* **WORK INSTRUCTIONS**: Which lines below fall between the one containing "Kosmetiktasche mit Schminkprodukten" and the one containing "Wręczenie prezentu dla"? Repeat them exactly, counting both of those lines, and add nothing else.

* **RAW DATA**:
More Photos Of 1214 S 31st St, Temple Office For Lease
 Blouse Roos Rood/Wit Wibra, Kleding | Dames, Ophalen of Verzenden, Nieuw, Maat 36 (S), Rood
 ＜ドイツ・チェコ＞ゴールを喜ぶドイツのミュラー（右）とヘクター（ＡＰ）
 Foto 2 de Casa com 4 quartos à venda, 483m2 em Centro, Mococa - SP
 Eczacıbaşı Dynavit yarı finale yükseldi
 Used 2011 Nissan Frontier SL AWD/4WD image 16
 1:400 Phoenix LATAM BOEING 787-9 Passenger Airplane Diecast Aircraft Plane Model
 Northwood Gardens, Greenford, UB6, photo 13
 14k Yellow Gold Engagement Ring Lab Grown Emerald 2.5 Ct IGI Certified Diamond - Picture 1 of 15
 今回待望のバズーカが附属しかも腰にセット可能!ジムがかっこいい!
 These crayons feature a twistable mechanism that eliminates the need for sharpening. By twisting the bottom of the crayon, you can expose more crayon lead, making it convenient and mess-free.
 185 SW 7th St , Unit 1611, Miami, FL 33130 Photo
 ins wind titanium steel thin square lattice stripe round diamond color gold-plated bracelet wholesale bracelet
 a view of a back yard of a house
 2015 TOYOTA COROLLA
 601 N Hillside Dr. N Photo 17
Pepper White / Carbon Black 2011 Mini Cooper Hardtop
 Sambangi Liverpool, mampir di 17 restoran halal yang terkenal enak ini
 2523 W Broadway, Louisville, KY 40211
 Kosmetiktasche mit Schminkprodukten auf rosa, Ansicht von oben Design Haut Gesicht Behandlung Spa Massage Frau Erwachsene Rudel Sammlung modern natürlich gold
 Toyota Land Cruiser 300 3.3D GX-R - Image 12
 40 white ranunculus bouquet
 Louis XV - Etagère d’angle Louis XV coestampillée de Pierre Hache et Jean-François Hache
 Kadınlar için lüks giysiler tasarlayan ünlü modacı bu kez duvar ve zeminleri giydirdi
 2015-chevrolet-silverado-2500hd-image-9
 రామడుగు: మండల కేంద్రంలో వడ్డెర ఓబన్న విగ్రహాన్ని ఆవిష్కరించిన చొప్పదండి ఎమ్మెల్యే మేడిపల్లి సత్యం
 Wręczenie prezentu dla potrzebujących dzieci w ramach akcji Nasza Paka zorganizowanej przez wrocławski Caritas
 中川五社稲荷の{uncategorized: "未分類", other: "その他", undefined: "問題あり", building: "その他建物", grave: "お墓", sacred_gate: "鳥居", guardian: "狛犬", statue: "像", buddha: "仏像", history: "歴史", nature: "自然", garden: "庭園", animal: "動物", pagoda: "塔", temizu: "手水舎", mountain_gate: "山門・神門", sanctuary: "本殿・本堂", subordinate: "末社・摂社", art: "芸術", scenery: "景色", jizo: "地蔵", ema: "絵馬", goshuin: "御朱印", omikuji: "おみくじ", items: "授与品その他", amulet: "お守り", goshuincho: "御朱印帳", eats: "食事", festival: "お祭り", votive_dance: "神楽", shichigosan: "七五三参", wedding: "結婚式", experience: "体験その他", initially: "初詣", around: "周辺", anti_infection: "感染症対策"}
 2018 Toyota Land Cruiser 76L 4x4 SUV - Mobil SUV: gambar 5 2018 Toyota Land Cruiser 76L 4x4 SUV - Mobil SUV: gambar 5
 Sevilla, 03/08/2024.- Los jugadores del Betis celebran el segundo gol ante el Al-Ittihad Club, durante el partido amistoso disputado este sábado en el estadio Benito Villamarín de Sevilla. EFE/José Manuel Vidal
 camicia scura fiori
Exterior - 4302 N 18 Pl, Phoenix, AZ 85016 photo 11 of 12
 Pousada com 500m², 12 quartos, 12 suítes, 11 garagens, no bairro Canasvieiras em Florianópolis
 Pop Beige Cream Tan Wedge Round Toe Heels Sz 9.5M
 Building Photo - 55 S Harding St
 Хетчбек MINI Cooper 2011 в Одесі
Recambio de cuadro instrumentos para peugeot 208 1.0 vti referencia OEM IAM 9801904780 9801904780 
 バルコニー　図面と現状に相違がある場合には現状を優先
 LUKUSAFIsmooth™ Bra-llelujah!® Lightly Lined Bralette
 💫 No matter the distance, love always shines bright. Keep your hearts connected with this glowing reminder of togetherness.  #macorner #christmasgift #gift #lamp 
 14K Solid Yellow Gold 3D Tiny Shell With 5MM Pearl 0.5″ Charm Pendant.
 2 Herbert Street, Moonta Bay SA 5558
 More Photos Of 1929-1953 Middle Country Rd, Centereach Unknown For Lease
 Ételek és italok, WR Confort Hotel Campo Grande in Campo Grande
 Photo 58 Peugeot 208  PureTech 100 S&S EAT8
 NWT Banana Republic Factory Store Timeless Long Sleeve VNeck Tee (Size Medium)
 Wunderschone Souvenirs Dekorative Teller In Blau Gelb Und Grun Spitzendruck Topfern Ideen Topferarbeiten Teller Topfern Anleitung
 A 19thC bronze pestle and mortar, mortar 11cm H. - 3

* **RESULT FOR THIS EXERCISE**:
 Kosmetiktasche mit Schminkprodukten auf rosa, Ansicht von oben Design Haut Gesicht Behandlung Spa Massage Frau Erwachsene Rudel Sammlung modern natürlich gold
 Toyota Land Cruiser 300 3.3D GX-R - Image 12
 40 white ranunculus bouquet
 Louis XV - Etagère d’angle Louis XV coestampillée de Pierre Hache et Jean-François Hache
 Kadınlar için lüks giysiler tasarlayan ünlü modacı bu kez duvar ve zeminleri giydirdi
 2015-chevrolet-silverado-2500hd-image-9
 రామడుగు: మండల కేంద్రంలో వడ్డెర ఓబన్న విగ్రహాన్ని ఆవిష్కరించిన చొప్పదండి ఎమ్మెల్యే మేడిపల్లి సత్యం
 Wręczenie prezentu dla potrzebujących dzieci w ramach akcji Nasza Paka zorganizowanej przez wrocławski Caritas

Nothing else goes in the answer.